カセットテープをあの規格で最初に作ったのはフィリップス(1962年)で、1965年に特許が無償公開され、1966年にはTDK(東京電気化学工業だからTDKなんですね)が日本で初めて製品化、カセットといえばTDKという感じになっていたように思うのだけれど、本格的に普及したのがいつ頃で、何がきっかけだったんでしょうね。

少なくとも、大栗裕がもっていたカセットテープで時期を特定できる一番古いのは1972年なのだけれど、ラジオのエアチェックとレコードのダビングに使っているのがほとんどで、演奏会の記録などが入ったものは、オープンリールからのダビングと、他人からの寄贈ばかりだったりする。
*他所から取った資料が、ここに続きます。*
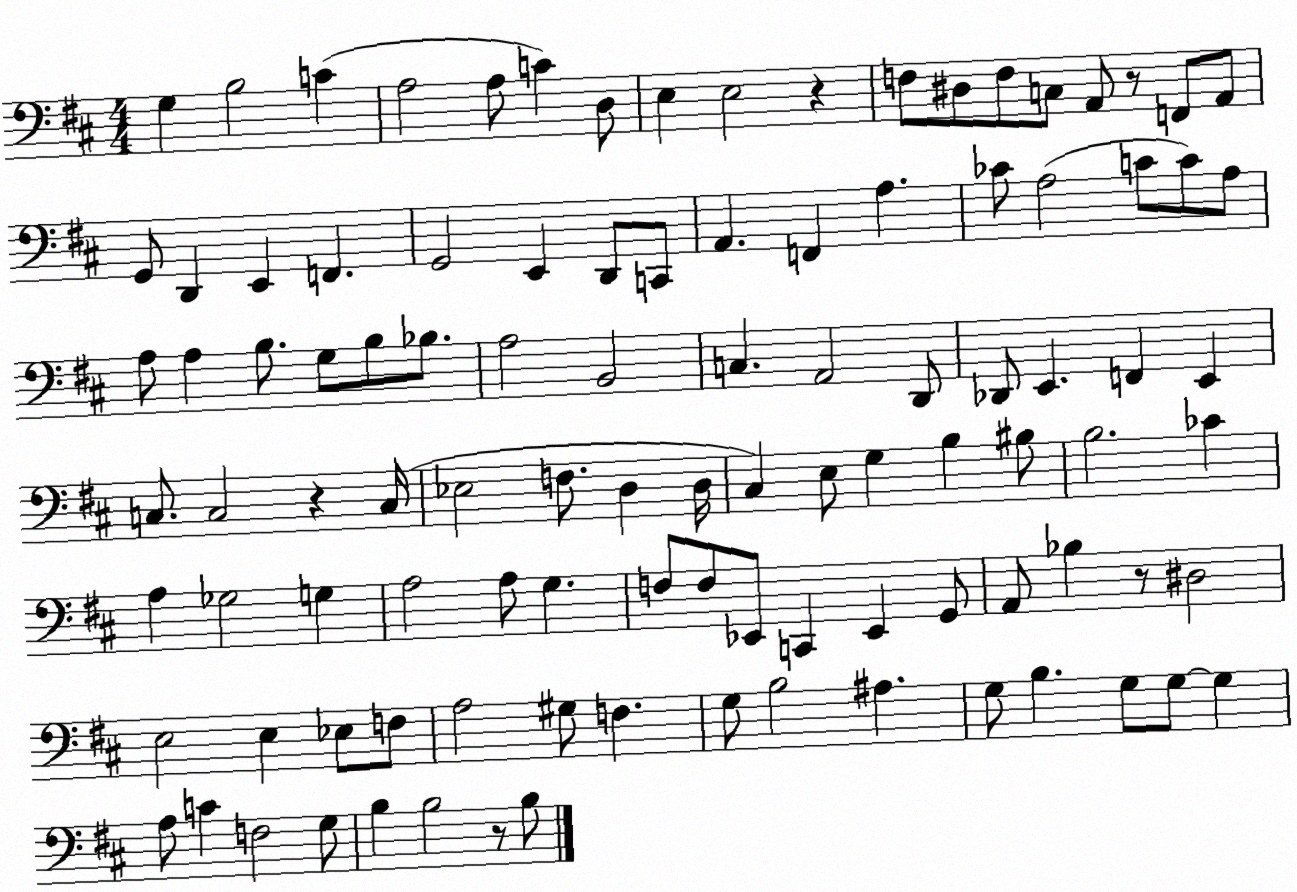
X:1
T:Untitled
M:4/4
L:1/4
K:D
G, B,2 C A,2 A,/2 C D,/2 E, E,2 z F,/2 ^D,/2 F,/2 C,/2 A,,/2 z/2 F,,/2 A,,/2 G,,/2 D,, E,, F,, G,,2 E,, D,,/2 C,,/2 A,, F,, A, _C/2 A,2 C/2 C/2 A,/2 A,/2 A, B,/2 G,/2 B,/2 _B,/2 A,2 B,,2 C, A,,2 D,,/2 _D,,/2 E,, F,, E,, C,/2 C,2 z C,/4 _E,2 F,/2 D, D,/4 ^C, E,/2 G, B, ^B,/2 B,2 _C A, _G,2 G, A,2 A,/2 G, F,/2 F,/2 _E,,/2 C,, _E,, G,,/2 A,,/2 _B, z/2 ^D,2 E,2 E, _E,/2 F,/2 A,2 ^G,/2 F, G,/2 B,2 ^A, G,/2 B, G,/2 G,/2 G, A,/2 C F,2 G,/2 B, B,2 z/2 B,/2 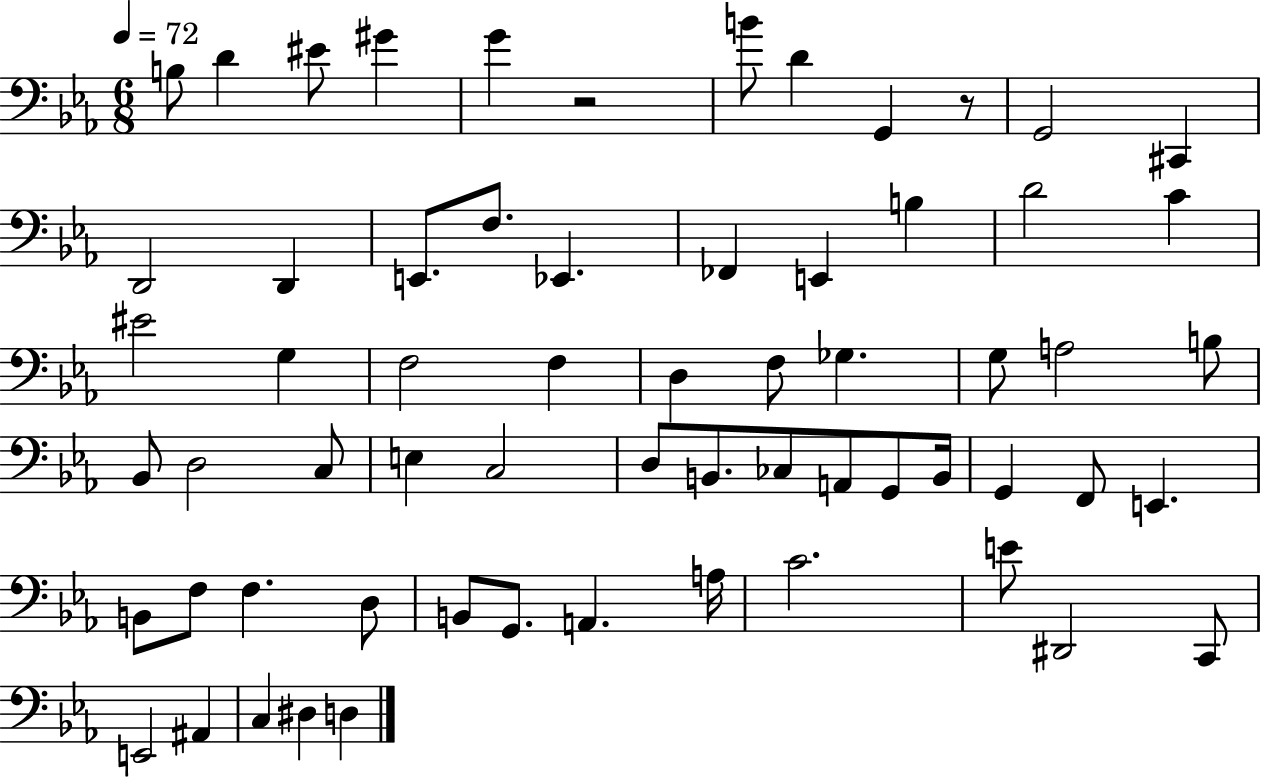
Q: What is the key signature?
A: EES major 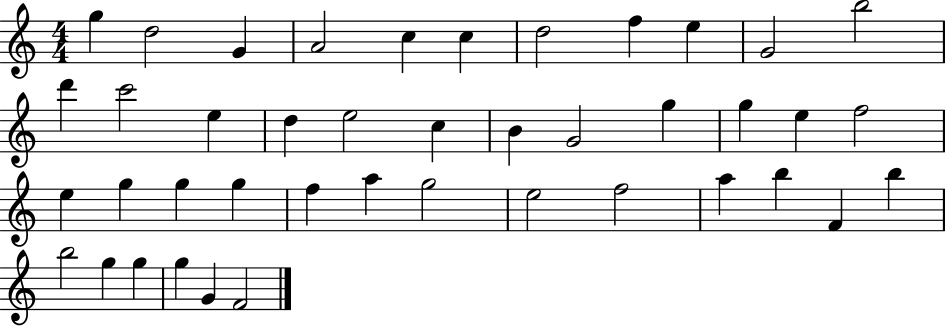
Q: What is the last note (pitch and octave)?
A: F4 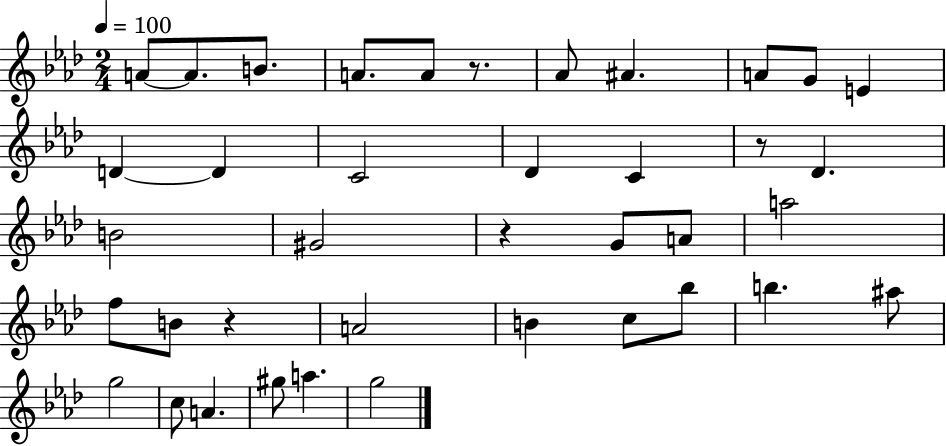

大栗裕は1982年に亡くなったのでウォークマン(1979年)をほとんど知らずに終わったこともあり、録音テープといえばオープンリールで、カセットはサブだったのかなあ、という印象を受ける。

なんとなく、オープンリール=パソコン、カセット=スマホ、という感じがするのだけれど、70年代以前からオープンリールでずっと仕事をしていた人たちは、たいていそんな感覚だったのだろうか。

ただし、カセットテープをスマホ的にポータブルなメディアと考えるのはウォークマンが流行ったことによる80年代以後の感覚を投影した後付けの可能性があり、むしろ70年代にはFM音楽番組のエアチェックが大きかったかもしれない。

大栗裕は、FMをエアチェックしたテープに新聞の番組欄の切り抜きを添えて、録音日と録音機種名を記録していたりして、とても几帳面に整理している。

吉田秀和「名曲のたのしみ」は、NHkが視聴者に提供を呼びかけると局に残っていなかった録音で8割方がそろってしまったらしいけれど、大栗裕も2、3回分エアチェックしている。

やはり録音テープには、レコードとはちょっと違う何かがあるようだ。